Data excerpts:
»»

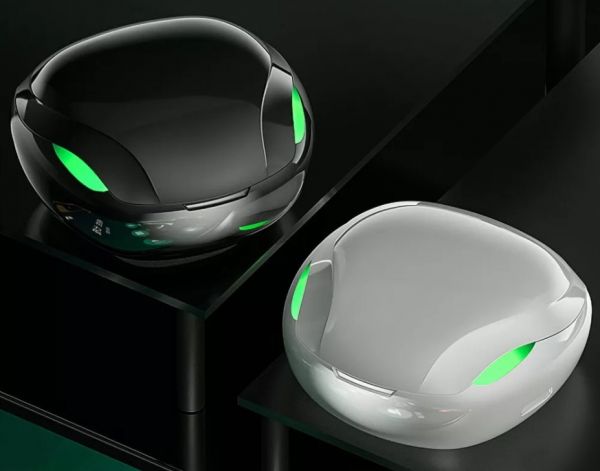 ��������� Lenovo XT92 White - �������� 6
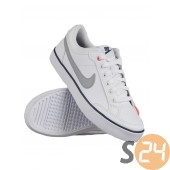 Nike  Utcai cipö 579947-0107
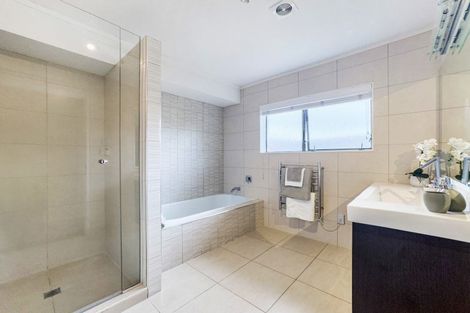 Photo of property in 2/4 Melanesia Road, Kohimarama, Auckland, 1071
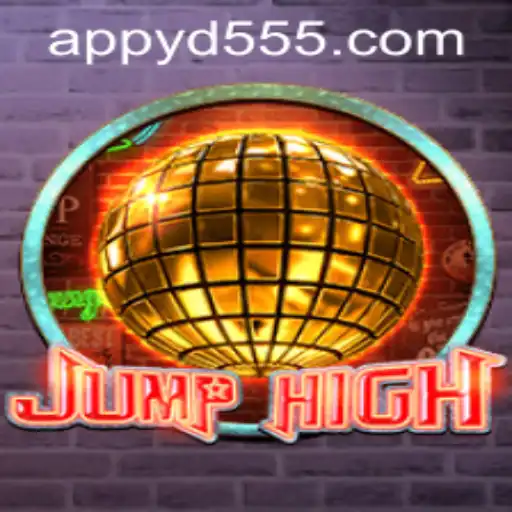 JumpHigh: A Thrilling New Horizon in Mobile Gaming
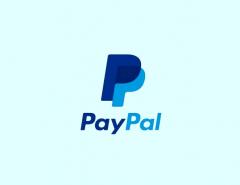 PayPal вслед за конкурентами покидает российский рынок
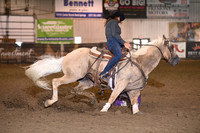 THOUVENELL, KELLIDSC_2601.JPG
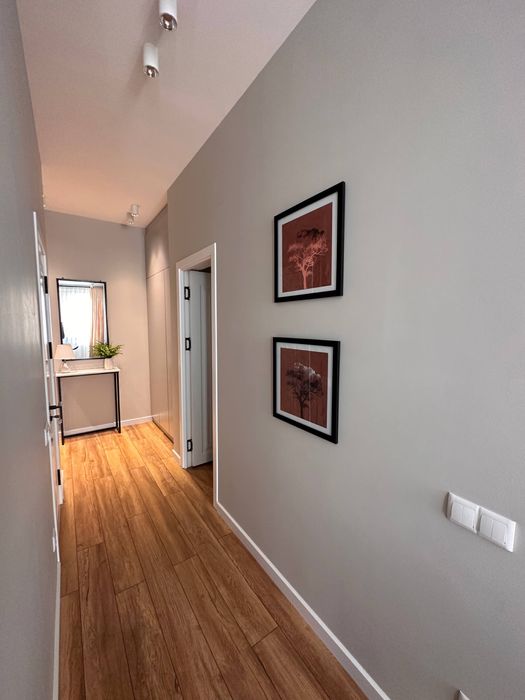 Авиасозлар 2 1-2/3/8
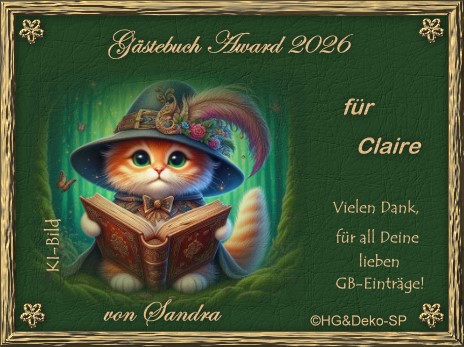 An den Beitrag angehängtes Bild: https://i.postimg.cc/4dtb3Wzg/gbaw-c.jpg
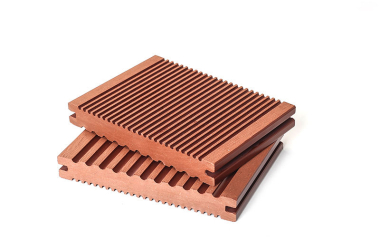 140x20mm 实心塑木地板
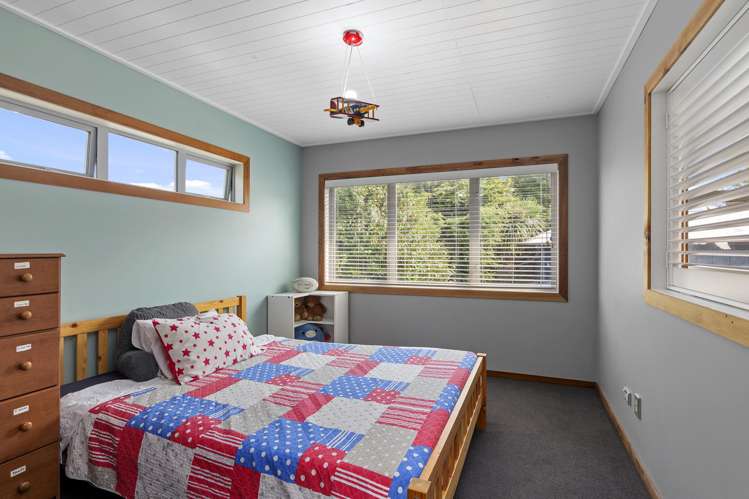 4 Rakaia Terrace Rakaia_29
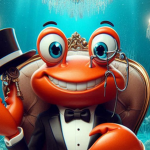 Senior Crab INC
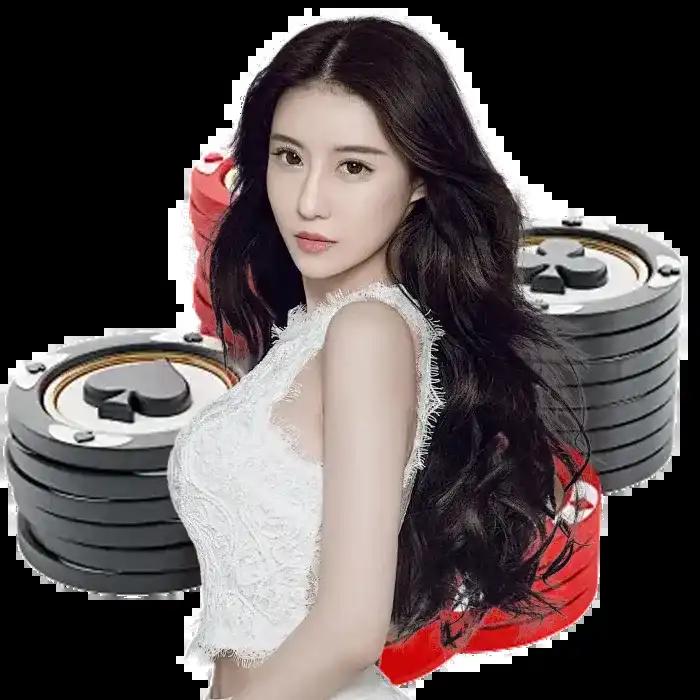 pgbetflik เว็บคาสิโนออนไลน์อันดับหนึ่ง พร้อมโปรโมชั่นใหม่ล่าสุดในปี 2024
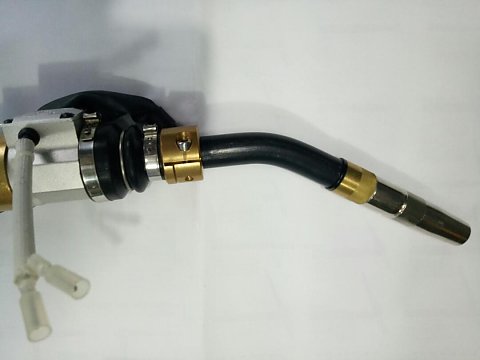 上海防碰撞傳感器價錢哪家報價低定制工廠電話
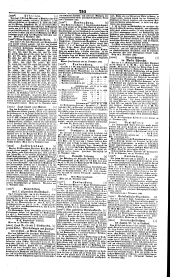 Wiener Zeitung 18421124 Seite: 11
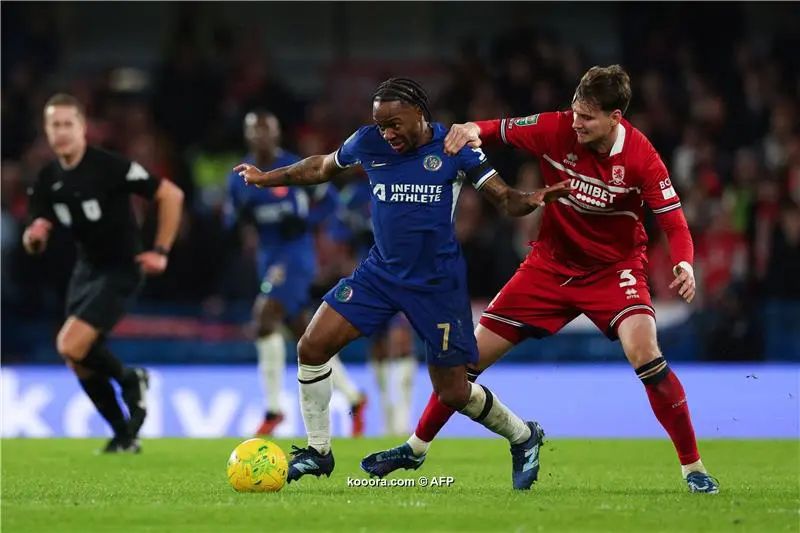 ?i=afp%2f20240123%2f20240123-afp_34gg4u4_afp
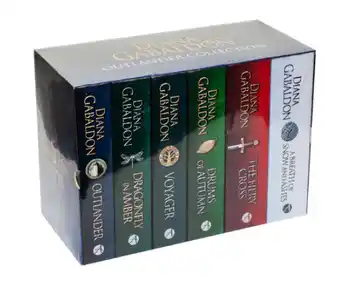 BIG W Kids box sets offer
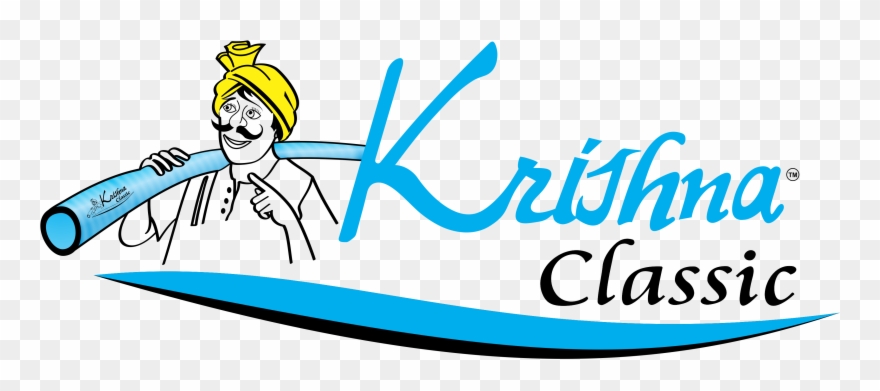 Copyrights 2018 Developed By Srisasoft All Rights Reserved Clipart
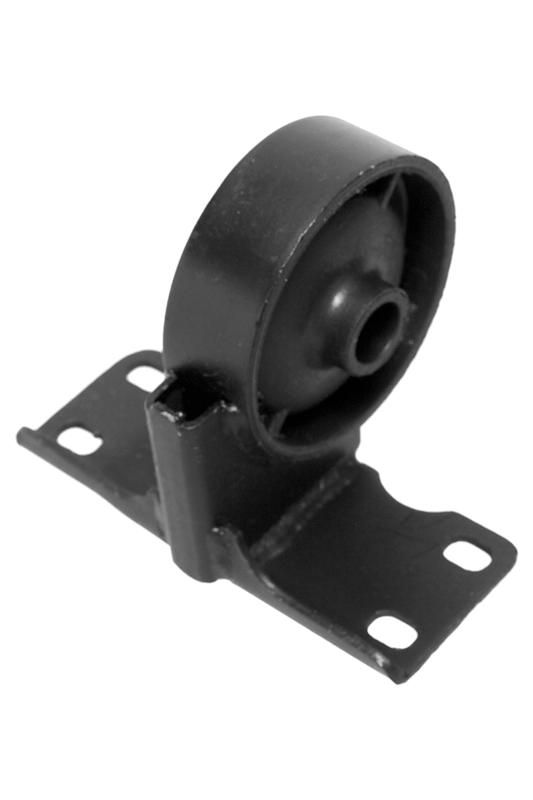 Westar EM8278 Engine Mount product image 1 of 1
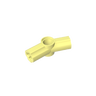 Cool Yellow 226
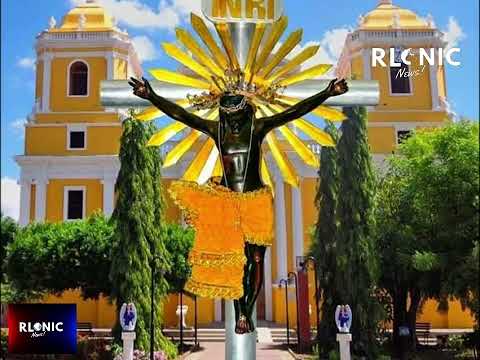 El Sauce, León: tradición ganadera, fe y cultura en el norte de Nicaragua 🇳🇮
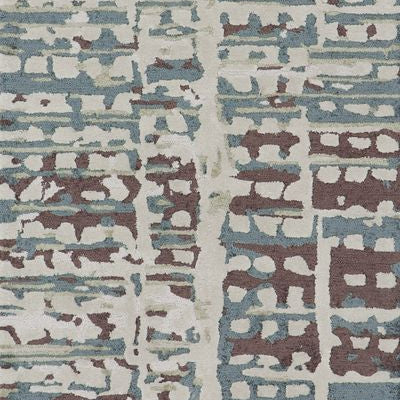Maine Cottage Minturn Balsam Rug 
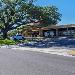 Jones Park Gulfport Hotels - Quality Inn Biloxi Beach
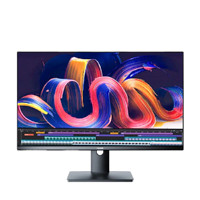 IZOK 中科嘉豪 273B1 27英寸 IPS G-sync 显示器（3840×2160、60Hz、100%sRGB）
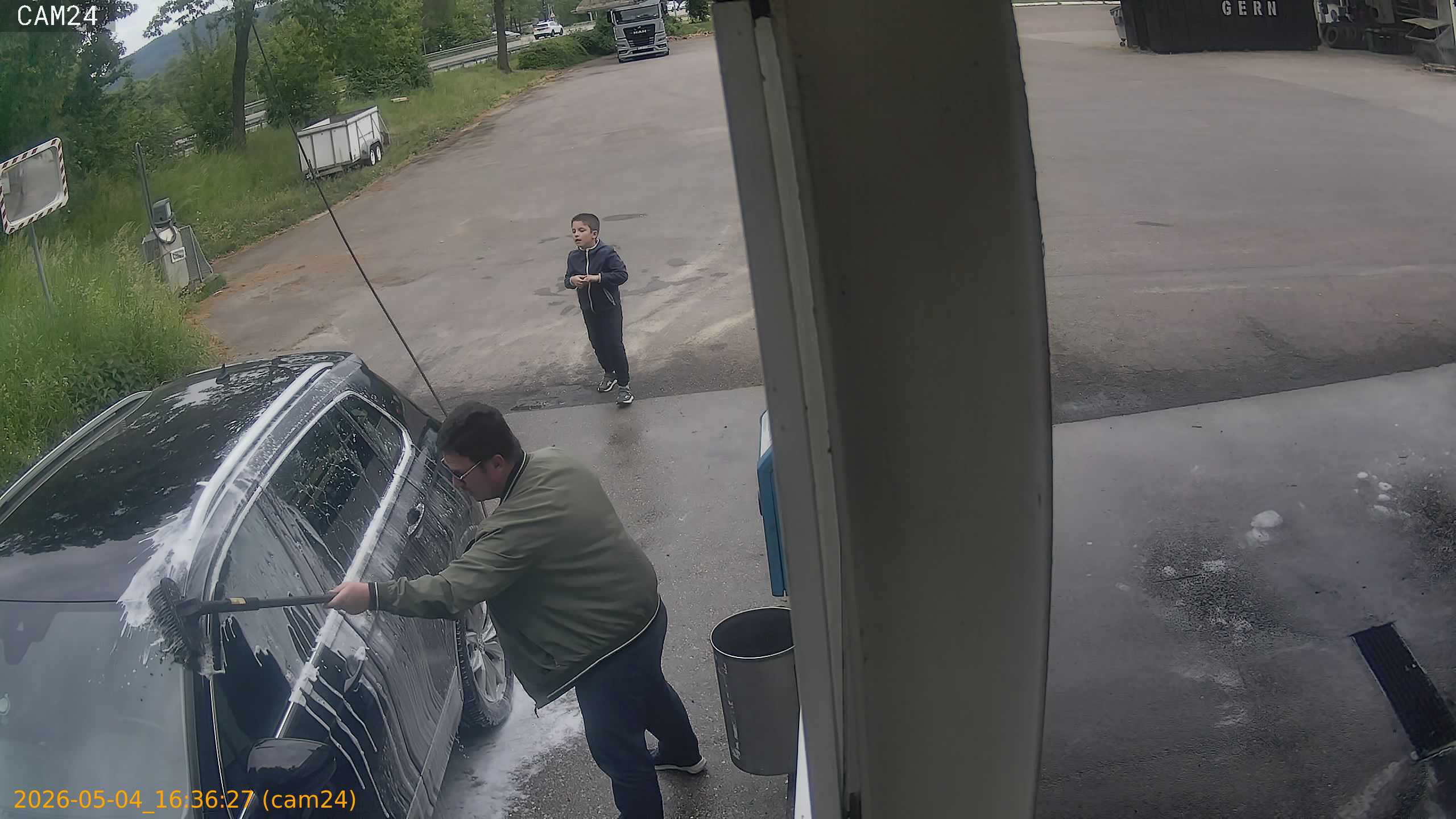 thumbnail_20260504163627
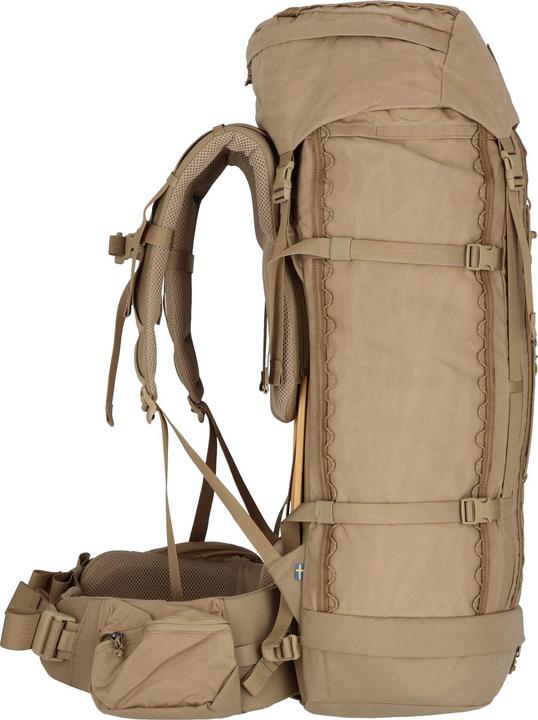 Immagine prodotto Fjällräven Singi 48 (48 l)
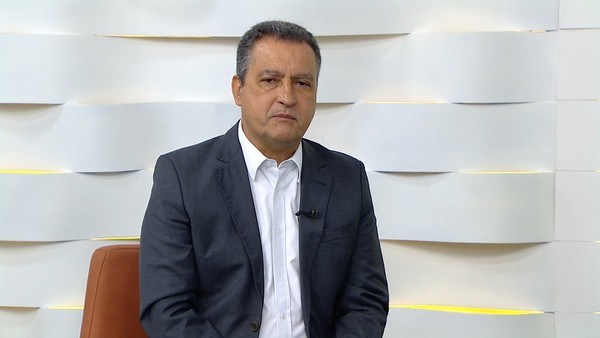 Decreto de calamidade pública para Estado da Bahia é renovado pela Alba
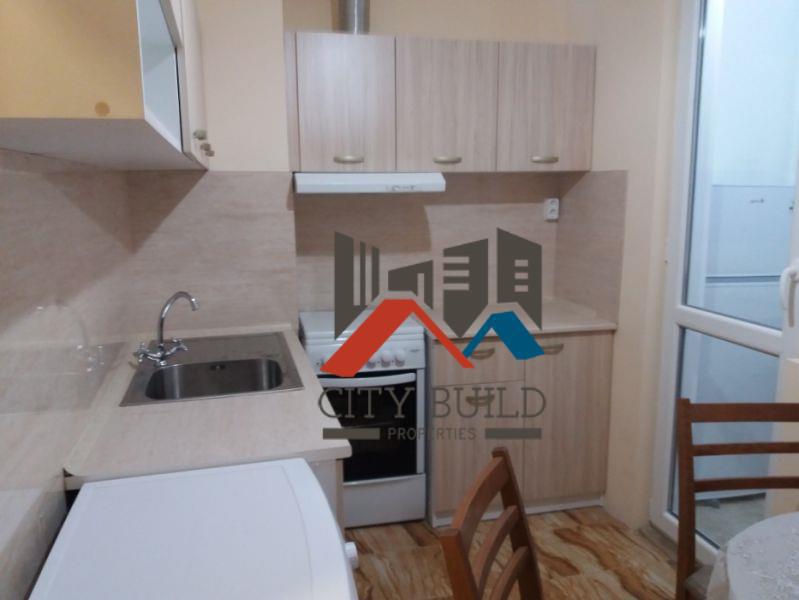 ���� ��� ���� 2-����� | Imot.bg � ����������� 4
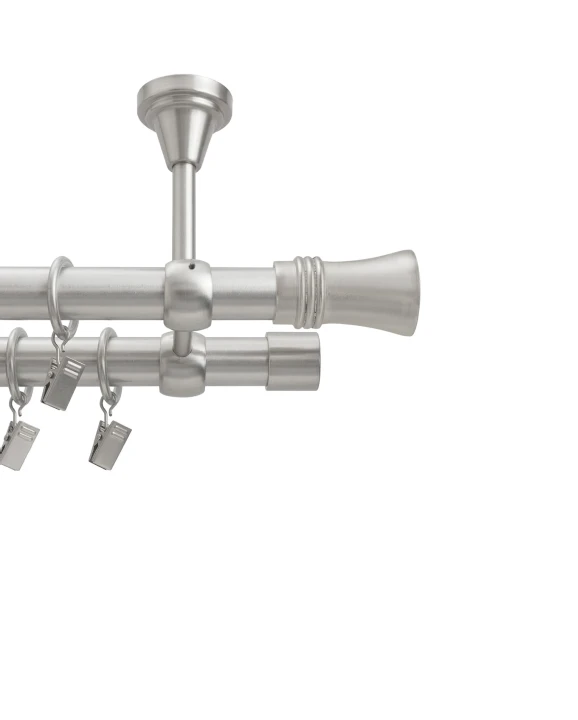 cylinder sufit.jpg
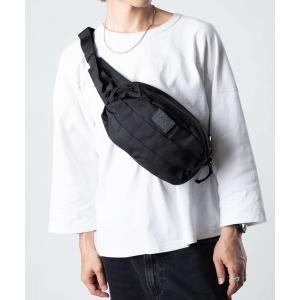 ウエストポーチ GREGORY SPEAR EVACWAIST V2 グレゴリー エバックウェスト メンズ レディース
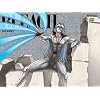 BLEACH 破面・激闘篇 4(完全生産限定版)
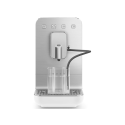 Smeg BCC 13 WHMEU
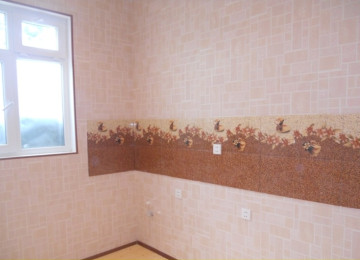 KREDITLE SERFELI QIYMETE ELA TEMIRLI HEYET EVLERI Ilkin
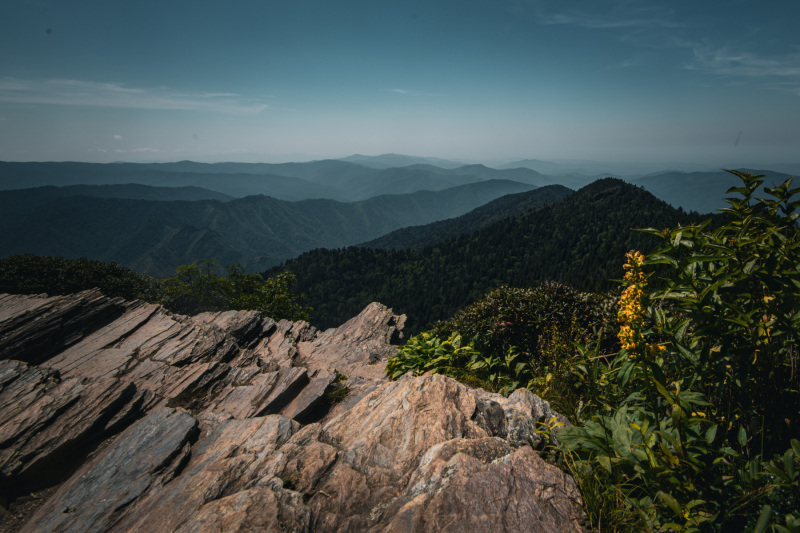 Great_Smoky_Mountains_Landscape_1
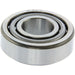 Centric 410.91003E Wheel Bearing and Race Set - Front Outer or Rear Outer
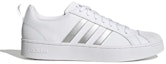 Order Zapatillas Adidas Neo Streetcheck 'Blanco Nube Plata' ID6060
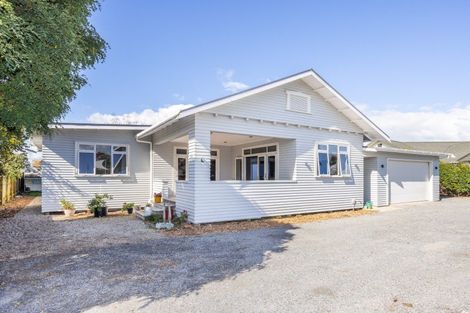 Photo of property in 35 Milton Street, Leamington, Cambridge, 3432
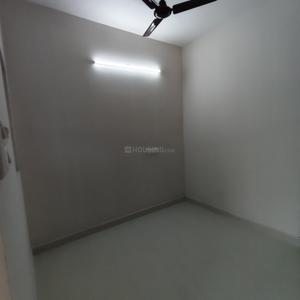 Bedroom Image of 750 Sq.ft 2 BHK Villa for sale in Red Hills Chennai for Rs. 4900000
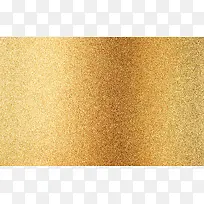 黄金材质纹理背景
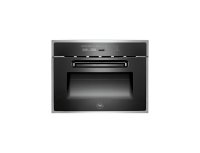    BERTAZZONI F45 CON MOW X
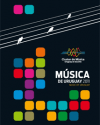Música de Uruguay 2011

««

#### [TASK BRIEF]
The response must consist of the entries above exactly as they stand, minus any pictures.

#### [THE ANSWER]
 ��������� Lenovo XT92 White - �������� 6
 Nike  Utcai cipö 579947-0107
 Photo of property in 2/4 Melanesia Road, Kohimarama, Auckland, 1071
 JumpHigh: A Thrilling New Horizon in Mobile Gaming
 PayPal вслед за конкурентами покидает российский рынок
 THOUVENELL, KELLIDSC_2601.JPG
 Авиасозлар 2 1-2/3/8
 An den Beitrag angehängtes Bild: https://i.postimg.cc/4dtb3Wzg/gbaw-c.jpg
 140x20mm 实心塑木地板
 4 Rakaia Terrace Rakaia_29
 Senior Crab INC
 pgbetflik เว็บคาสิโนออนไลน์อันดับหนึ่ง พร้อมโปรโมชั่นใหม่ล่าสุดในปี 2024
 上海防碰撞傳感器價錢哪家報價低定制工廠電話
 Wiener Zeitung 18421124 Seite: 11
 ?i=afp%2f20240123%2f20240123-afp_34gg4u4_afp
 BIG W Kids box sets offer
 Copyrights 2018 Developed By Srisasoft All Rights Reserved Clipart
 Westar EM8278 Engine Mount product image 1 of 1
 Cool Yellow 226
 El Sauce, León: tradición ganadera, fe y cultura en el norte de Nicaragua 🇳🇮
Maine Cottage Minturn Balsam Rug 
 Jones Park Gulfport Hotels - Quality Inn Biloxi Beach
 IZOK 中科嘉豪 273B1 27英寸 IPS G-sync 显示器（3840×2160、60Hz、100%sRGB）
 thumbnail_20260504163627
 Immagine prodotto Fjällräven Singi 48 (48 l)
 Decreto de calamidade pública para Estado da Bahia é renovado pela Alba
 ���� ��� ���� 2-����� | Imot.bg � ����������� 4
 cylinder sufit.jpg
 ウエストポーチ GREGORY SPEAR EVACWAIST V2 グレゴリー エバックウェスト メンズ レディース
 BLEACH 破面・激闘篇 4(完全生産限定版)
 Smeg BCC 13 WHMEU
 KREDITLE SERFELI QIYMETE ELA TEMIRLI HEYET EVLERI Ilkin
 Great_Smoky_Mountains_Landscape_1
 Centric 410.91003E Wheel Bearing and Race Set - Front Outer or Rear Outer
 Order Zapatillas Adidas Neo Streetcheck 'Blanco Nube Plata' ID6060
 Photo of property in 35 Milton Street, Leamington, Cambridge, 3432
 Bedroom Image of 750 Sq.ft 2 BHK Villa for sale in Red Hills Chennai for Rs. 4900000
 黄金材质纹理背景
    BERTAZZONI F45 CON MOW X
Música de Uruguay 2011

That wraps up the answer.